When her daughter died, the plaintiff was distraught. The plaintiff had watched her in severe pain and agony and upon her death, she was on the verge of a breakdown and almost committed suicide. In September 1985 she complained to Dr EA Heaslett of palpitations of the heart, breathlessness, insomnia, episodes of crying, loss of interest in her work and social life and pre-occupation with memories of her daughter. He treated her for a severe depression until January 1988. Her family observed that she had undergone a personality change. Her relationship with her son and husband were strained. She was constantly preoccupied with her daughter`s death and preserved her daughter`s desk at the office as well as her room at home.

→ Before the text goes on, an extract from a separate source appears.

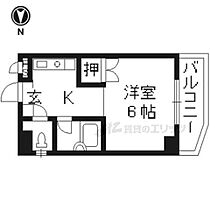 白砂ビル 2-B ｜ 京都府宇治市小倉町神楽田（賃貸マンション1K・2階・19.16㎡） その2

Her son, PW6, testified that the plaintiff had undergone a personality change after the death of his sister. She stopped cooking for the family and became over-protective of him, she reacted badly when she saw other families going out in groups, and she quarrelled frequently with her husband. Prior to her daughter`s death, they had not quarrelled as much. She also went to Dr Tham`s office and abused him, smashing some glass and banging some cupboards although she had ordinarily been a mild lady.

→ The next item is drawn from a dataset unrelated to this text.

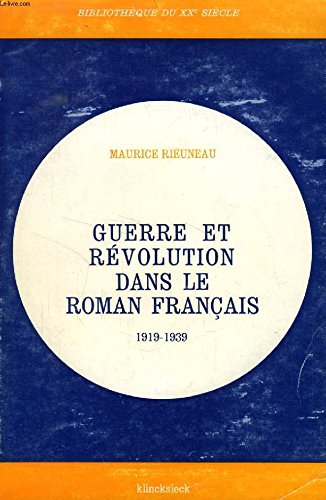 9782252016879: Guerre et revolution dans le roman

The plaintiff`s psychiatrist, Dr Lim, testified that she consulted him from January 1988 and another psychiatrist very briefly. He continued the treatment. He saw her often, sometimes every fortnight, sometimes monthly, sometimes after long periods in the last five years. She related to Dr Lim a history of how her daughter had been hospitalized and then succumbed to her injuries, and how she had been at her daughter`s bedside throughout and the traumatic effect the entire experience had on her.

Dr Lim diagnosed her to be suffering from post-traumatic stress disorder and pathological grief. Dr Lim was of the opinion that the plaintiff suffered from a mood disorder, a depressive illness secondary to grief arising out of the circumstances surrounding her daughter`s death, in particular, whether her daughter had a brain tumour and whether the operation had been necessary. Her tendency to preserve her daughter`s room at home and desk in the office was known as `mummification` and was a symptom of a severe grief reaction. Dr Lim was of the opinion that the plaintiff had become a psychiatric patient. He also referred to medical reports of the other doctors.